Zakat applies to three types of growing wealth: money, gold and silver, and trade goods. Here's what counts, what doesn't, and how modern instruments fit in.
What Wealth Is Zakatable?
Zakat doesn't apply to everything you own. It applies to growing wealth — what the classical scholars called al-māl al-nāmī, wealth with the capacity for increase.
Think of it this way: trim hair, and it grows back. That's zakatable wealth. A hand? Cut it, and it doesn't grow back. That's not zakatable.

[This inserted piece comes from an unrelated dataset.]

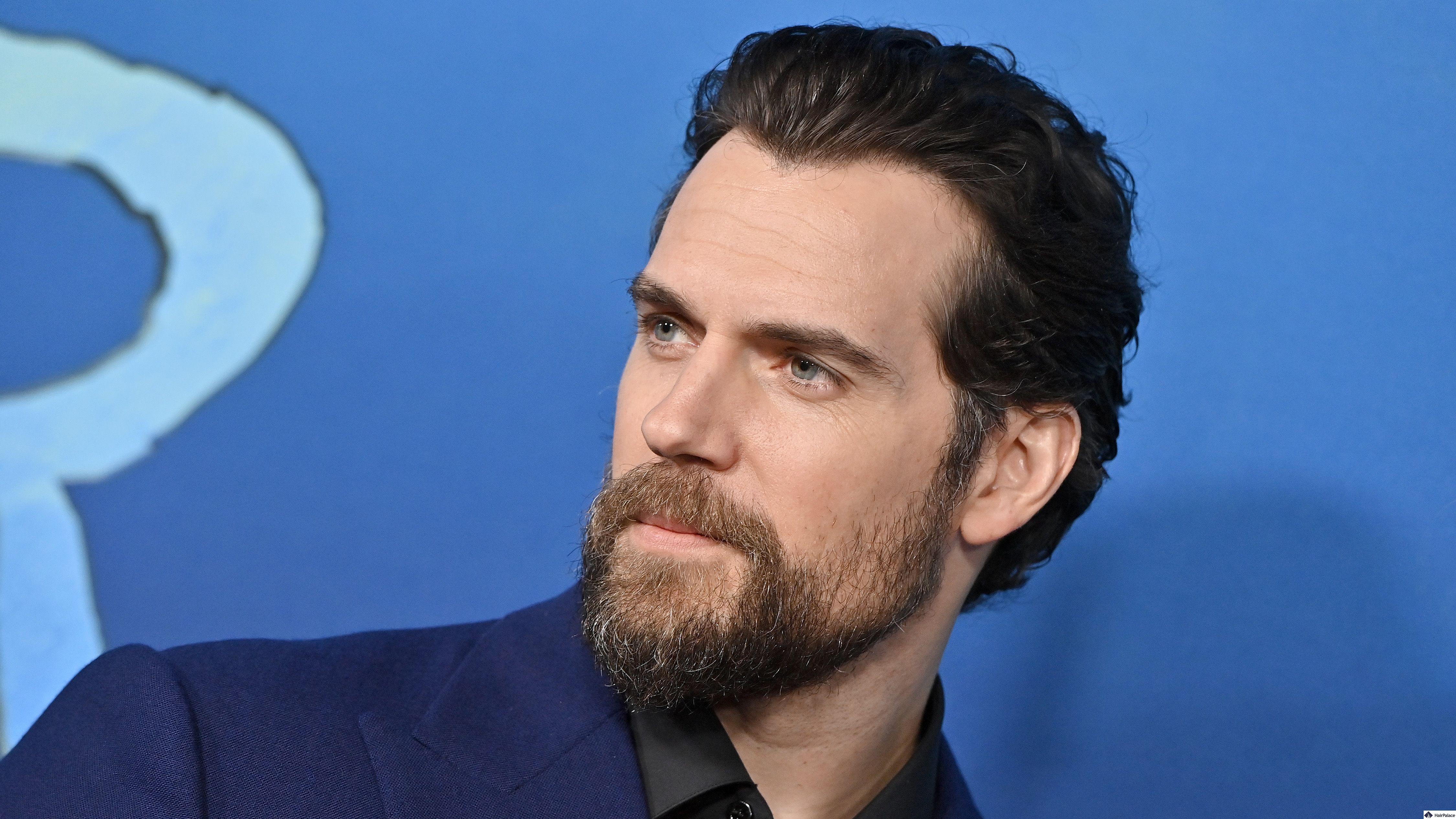henry cavill hair loss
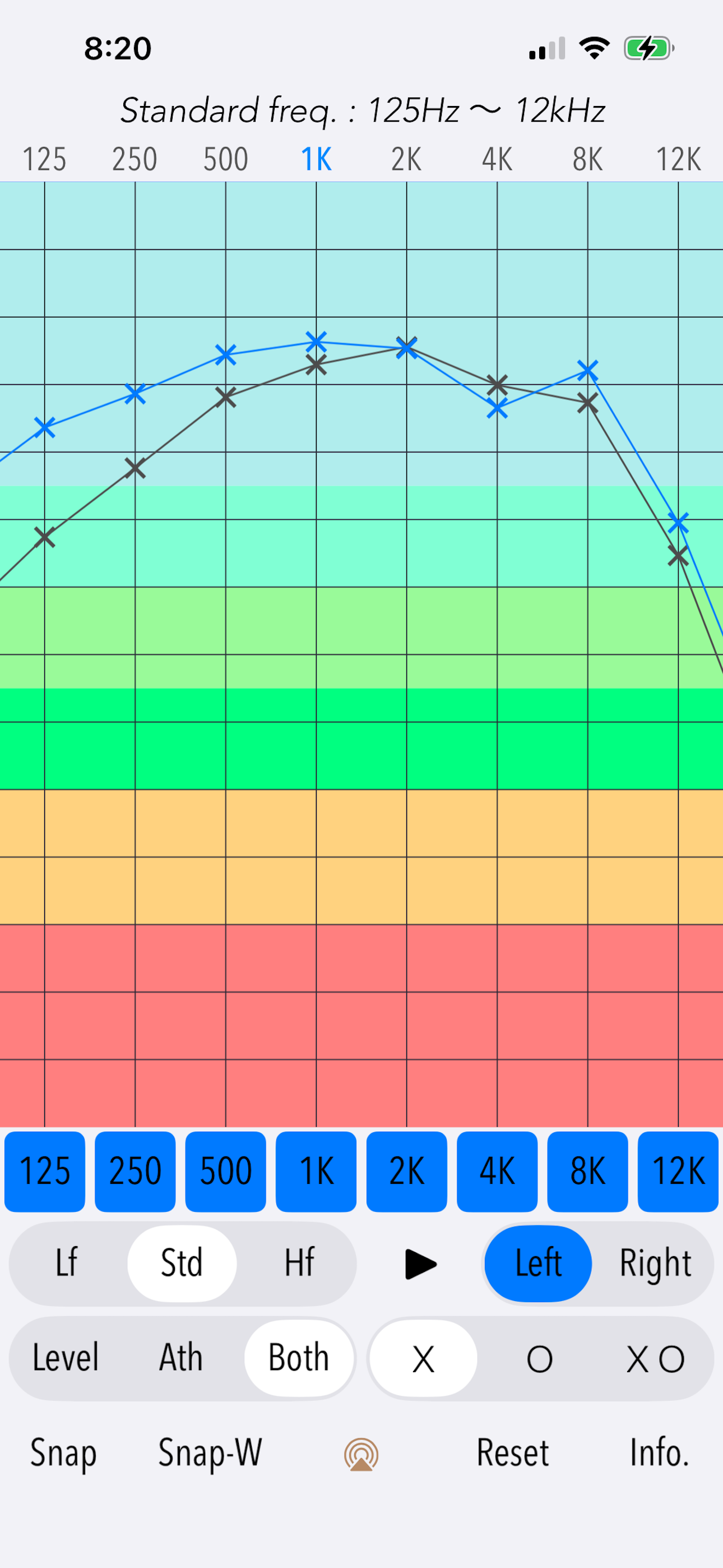 Hearing Analyzer Portrait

The broad principle: if it's liquid, tradeable, or held as savings, it's likely zakatable. If it's a personal-use item that doesn't generate income, it's not. And all of it reduces to three foundational categories.
Category 1: Your Money
Money is the most straightforward category. All four madhahib agree unanimously — if it's cash or acts like cash, it's zakatable. No exceptions, no debate.
This includes:
- Cash on hand — physical bills in your wallet, at home, or in a safe, regardless of currency
- Bank accounts — checking, savings, GICs, term deposits, high-interest savings accounts
- Foreign currency — convert to Canadian dollars at today's exchange rate on your Zakat date
- Prepaid cards and digital wallets — any stored balance you control
- Cryptocurrency — Bitcoin, Ethereum, stablecoins, altcoins, tokens. Contemporary scholars treat crypto as a liquid, tradeable asset. Whether they classify it as currency (thaman), a tradeable commodity (ʿurūḍ al-tijārah), or a digital asset sui generis, the conclusion is the same: the full market value is zakatable at 2.5%
Example: You have $5,000 in checking, $20,000 in savings, and $2,000 in a GIC. Your total zakatable cash is $27,000. Zakat = 2.5% × $27,000 = $675.

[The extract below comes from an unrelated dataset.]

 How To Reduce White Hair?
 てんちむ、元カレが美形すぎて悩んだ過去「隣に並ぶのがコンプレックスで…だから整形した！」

Money you've lent to others
Here's one people miss: money you've lent someone is still your money. Whether it's a personal loan, a business receivable, or an outstanding mahr, it's part of your wealth. Whether you pay zakat on it now depends on the type of debt and your school of thought — the schools differ significantly, from including all debts immediately to deferring zakat entirely until you receive repayment.
See Zakat on Money Owed to You for the full breakdown.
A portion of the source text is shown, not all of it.